Эта «Травиата» посвящена великому продюсеру Жерару Мортье, и можно отдельно писать о том, какую роль сыграл этот человек в судьбе Курентзиса, Чернякова и русского оперного театра. Спектакль был изначально задуман Мортье, идея соединить Уилсона и Курентзиса (как когда-то Курентзиса и Селларса) принадлежит именно ему. Это должно было произойти в Мадриде, но в итоге (после смерти Мортье) спектакль «Травиата» стал копродукцией Перми и трех европейских театральных институций из Австрии, Дании и Люксембурга.

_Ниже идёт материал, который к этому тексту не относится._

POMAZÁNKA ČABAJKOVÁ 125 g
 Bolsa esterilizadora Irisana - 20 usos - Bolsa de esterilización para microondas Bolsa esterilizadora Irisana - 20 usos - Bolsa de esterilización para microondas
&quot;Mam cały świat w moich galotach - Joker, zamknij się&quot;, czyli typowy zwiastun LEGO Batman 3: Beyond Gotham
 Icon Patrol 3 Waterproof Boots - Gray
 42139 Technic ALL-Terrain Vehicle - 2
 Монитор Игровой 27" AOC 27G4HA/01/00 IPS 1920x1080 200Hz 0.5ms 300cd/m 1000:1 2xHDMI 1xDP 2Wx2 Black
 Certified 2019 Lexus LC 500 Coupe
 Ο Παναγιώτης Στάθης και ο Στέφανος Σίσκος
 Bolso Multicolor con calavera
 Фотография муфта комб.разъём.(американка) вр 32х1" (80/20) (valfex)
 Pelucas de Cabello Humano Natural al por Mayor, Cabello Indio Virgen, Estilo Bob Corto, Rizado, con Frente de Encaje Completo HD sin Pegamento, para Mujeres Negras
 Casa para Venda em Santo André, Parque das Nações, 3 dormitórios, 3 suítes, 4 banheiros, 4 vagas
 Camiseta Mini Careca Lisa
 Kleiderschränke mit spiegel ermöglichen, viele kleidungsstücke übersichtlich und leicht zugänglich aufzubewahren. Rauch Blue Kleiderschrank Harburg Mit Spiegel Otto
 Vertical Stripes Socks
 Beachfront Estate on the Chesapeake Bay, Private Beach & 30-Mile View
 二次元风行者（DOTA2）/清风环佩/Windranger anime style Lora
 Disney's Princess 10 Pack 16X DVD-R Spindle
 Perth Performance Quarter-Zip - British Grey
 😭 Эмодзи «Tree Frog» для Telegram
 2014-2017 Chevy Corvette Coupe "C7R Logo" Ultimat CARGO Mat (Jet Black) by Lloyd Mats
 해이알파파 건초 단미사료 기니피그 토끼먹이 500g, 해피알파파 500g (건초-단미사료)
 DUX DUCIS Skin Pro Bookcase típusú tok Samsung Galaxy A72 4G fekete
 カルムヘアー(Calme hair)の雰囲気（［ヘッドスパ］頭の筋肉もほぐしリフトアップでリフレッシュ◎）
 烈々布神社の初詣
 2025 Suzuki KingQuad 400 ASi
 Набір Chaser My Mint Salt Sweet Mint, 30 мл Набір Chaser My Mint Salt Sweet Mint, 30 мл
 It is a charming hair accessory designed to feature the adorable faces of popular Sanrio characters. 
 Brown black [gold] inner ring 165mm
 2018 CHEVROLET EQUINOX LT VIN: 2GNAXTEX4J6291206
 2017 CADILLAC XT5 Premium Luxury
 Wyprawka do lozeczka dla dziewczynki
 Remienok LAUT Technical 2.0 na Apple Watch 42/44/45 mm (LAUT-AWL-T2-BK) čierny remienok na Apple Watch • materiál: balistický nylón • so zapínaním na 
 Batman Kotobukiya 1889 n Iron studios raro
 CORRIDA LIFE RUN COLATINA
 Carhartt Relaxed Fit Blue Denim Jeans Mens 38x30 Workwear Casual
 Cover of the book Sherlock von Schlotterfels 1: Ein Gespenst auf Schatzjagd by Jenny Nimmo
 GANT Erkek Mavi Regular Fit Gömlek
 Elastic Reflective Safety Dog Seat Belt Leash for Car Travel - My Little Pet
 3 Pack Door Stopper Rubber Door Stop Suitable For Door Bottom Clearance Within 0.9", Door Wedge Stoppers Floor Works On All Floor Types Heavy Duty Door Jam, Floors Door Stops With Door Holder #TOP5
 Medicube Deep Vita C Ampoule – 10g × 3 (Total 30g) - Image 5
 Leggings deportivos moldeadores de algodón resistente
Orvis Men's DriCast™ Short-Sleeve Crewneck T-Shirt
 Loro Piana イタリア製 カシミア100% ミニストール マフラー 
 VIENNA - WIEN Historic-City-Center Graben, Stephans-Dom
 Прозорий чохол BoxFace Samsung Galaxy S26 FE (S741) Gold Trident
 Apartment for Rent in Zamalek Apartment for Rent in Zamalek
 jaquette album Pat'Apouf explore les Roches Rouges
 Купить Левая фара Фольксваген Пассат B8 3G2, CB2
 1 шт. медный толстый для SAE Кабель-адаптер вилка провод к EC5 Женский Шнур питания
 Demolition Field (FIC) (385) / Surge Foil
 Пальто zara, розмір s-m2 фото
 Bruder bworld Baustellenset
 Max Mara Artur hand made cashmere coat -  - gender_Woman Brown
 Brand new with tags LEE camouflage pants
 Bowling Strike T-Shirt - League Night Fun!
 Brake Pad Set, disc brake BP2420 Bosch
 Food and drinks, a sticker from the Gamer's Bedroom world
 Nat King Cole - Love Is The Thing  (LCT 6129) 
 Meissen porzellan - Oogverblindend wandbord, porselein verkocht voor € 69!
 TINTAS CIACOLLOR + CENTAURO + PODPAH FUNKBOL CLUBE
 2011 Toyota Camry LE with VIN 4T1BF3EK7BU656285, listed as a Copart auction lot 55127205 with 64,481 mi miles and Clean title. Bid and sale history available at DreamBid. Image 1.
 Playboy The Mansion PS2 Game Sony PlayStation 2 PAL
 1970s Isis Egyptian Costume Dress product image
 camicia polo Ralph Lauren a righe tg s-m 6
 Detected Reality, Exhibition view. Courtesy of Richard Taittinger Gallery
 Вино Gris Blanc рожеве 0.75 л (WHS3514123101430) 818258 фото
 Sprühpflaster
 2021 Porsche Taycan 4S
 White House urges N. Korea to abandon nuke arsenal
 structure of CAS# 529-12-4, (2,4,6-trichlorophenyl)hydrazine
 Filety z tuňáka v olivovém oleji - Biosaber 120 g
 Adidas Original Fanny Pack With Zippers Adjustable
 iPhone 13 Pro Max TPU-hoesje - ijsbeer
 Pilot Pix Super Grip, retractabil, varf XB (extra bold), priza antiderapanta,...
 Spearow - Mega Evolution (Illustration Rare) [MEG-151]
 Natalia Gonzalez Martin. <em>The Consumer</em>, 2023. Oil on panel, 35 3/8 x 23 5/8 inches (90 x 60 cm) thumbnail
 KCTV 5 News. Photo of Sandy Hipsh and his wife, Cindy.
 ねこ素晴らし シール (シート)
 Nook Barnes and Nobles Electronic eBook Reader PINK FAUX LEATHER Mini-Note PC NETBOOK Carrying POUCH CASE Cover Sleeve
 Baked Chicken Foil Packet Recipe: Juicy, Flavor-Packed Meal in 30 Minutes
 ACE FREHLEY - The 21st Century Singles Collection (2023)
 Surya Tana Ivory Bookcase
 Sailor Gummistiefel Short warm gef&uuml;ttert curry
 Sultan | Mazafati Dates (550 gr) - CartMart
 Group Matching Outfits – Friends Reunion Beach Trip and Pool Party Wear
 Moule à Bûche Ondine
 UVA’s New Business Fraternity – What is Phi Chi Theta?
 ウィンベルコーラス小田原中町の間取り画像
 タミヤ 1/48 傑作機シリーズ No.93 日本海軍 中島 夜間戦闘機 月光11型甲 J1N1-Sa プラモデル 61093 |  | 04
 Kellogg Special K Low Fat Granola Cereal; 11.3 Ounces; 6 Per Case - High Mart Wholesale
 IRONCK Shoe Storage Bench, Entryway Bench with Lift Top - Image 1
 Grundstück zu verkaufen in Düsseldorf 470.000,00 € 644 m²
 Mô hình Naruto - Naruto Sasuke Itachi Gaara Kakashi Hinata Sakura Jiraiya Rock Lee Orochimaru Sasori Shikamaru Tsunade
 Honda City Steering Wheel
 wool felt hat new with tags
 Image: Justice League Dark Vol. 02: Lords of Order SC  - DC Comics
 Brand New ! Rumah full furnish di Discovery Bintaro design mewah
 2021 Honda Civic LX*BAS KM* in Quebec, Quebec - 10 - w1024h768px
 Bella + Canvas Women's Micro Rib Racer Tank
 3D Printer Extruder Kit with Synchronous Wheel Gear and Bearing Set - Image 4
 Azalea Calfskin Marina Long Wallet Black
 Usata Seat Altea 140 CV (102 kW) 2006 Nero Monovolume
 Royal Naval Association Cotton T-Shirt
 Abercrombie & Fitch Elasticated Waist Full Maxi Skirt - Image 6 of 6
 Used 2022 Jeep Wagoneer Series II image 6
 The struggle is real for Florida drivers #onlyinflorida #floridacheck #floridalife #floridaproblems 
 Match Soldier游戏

Вряд ли можно сказать, что Уилсон в «Травиате» делает какие-то принципиально новые шаги. Он узнаваем в своем стиле для тех, кто помнит его «Мадам Баттерфляй» десятилетней давности в Большом театре, кто совсем недавно восхищался «Сказками Пушкина» в Театре Наций, кому посчастливилось видеть и другие его постановки. Эстет, философ, создатель собственного театрального языка, художник в конкретном понимании и широком смысле этого слова, он из тех, благодаря кому возникло понятие «визуальный театр». В новой постановке Уилсон как всегда един в нескольких лицах: режиссер, сценограф, автор световой концепции. И мы видим все то же космически пустое пространство сцены, наполненное изумительно прекрасным и точным (в соответствии с музыкой) светом, из которого изгнаны всяческое бытоподобие, конкретика, намеки на вещную среду. Вместо реальных людей из плоти и крови — странные персонажи ¬с выбеленными лицами. В истоках их вычурной пластики и жестикуляции чудятся японский театр Но и законы неведомых ритуалов, вспоминаются позировки героев барочных опер и балетов. И, пожалуй, главное — Уилсон отменяет хронотоп: нет ни времени, ни места действия, все происходящее обретает статус мифа. Он, словно Кай из «Снежной королевы», из любого сюжета составляет слово «вечность».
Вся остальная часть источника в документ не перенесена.